▶ _Recorded data_

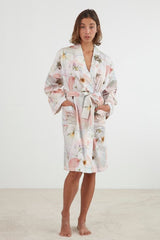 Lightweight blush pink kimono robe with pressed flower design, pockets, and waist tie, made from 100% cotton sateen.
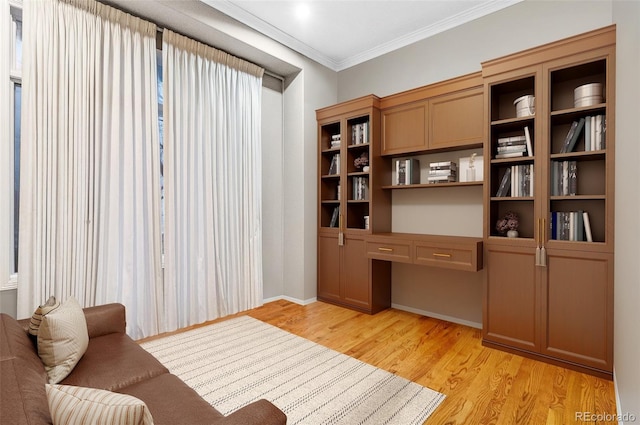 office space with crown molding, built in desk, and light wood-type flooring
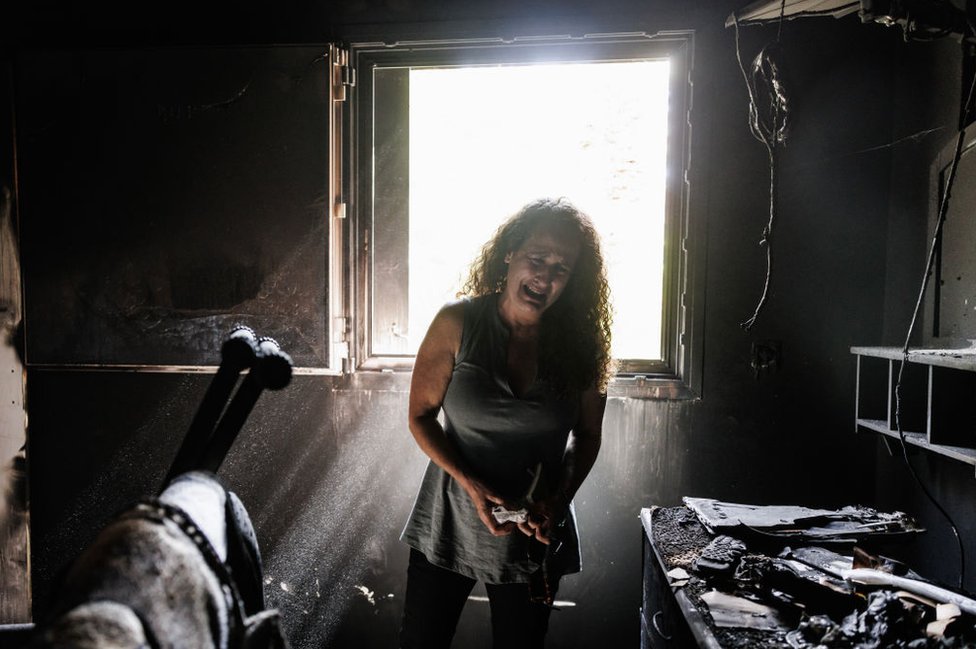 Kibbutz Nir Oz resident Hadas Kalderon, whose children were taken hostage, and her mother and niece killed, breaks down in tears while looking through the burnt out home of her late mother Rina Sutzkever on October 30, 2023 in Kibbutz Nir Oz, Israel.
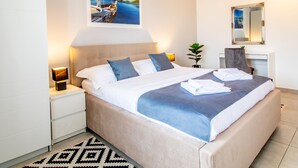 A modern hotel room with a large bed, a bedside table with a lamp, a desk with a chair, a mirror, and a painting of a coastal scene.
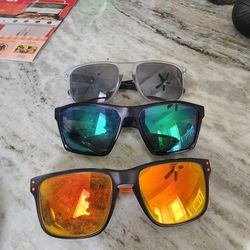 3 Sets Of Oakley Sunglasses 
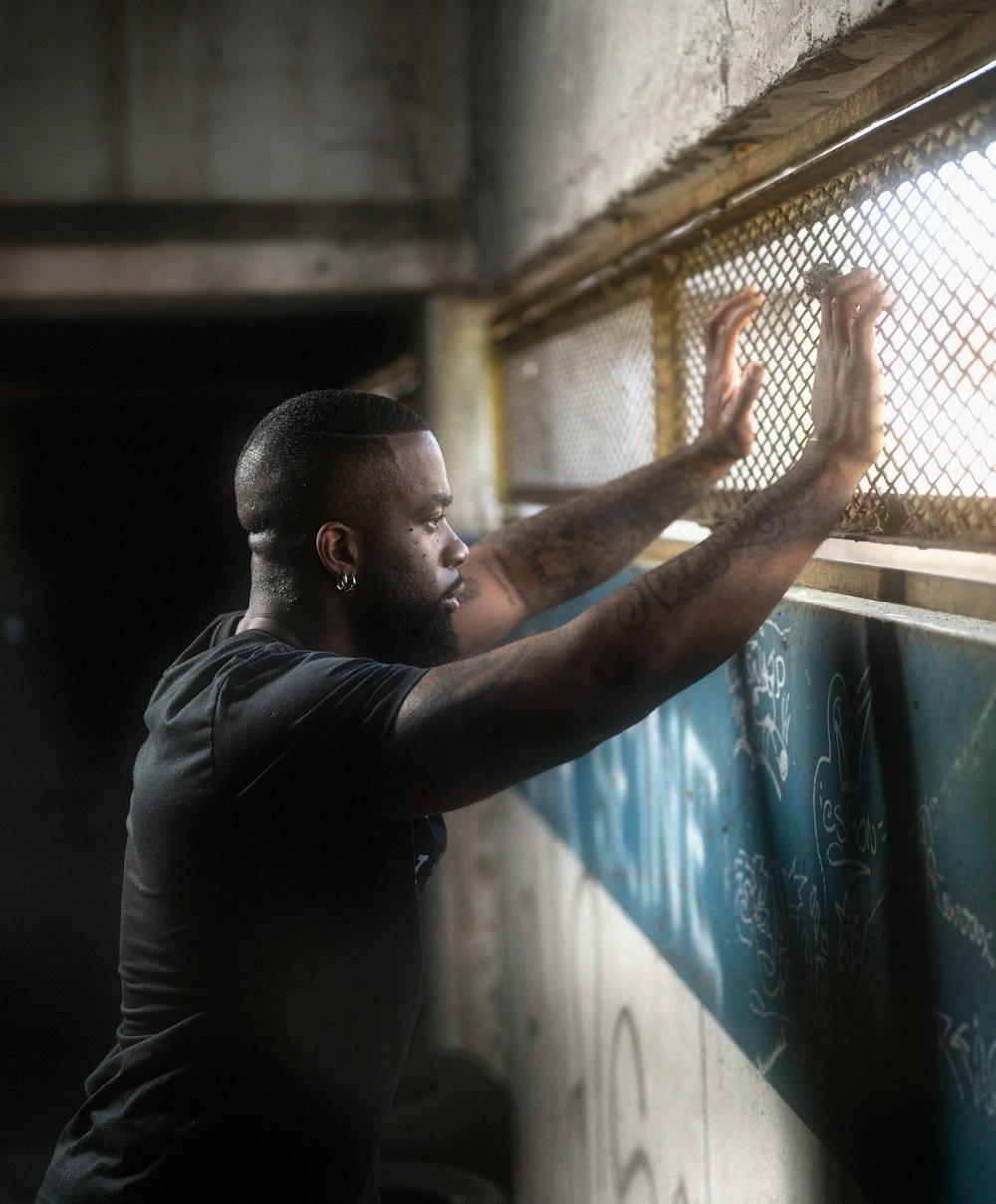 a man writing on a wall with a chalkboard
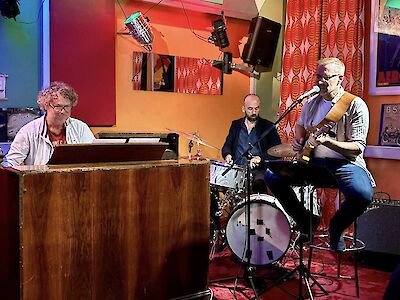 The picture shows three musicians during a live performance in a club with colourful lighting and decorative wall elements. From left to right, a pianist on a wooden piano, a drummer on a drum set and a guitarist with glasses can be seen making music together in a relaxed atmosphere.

▶ _Activity_
Starting at the top of the listing above, reproduce each line up to and including the one with "Kibbutz Nir Oz resident"; omit the pictures.

▶ _Solved problem_
 Lightweight blush pink kimono robe with pressed flower design, pockets, and waist tie, made from 100% cotton sateen.
 office space with crown molding, built in desk, and light wood-type flooring
 Kibbutz Nir Oz resident Hadas Kalderon, whose children were taken hostage, and her mother and niece killed, breaks down in tears while looking through the burnt out home of her late mother Rina Sutzkever on October 30, 2023 in Kibbutz Nir Oz, Israel.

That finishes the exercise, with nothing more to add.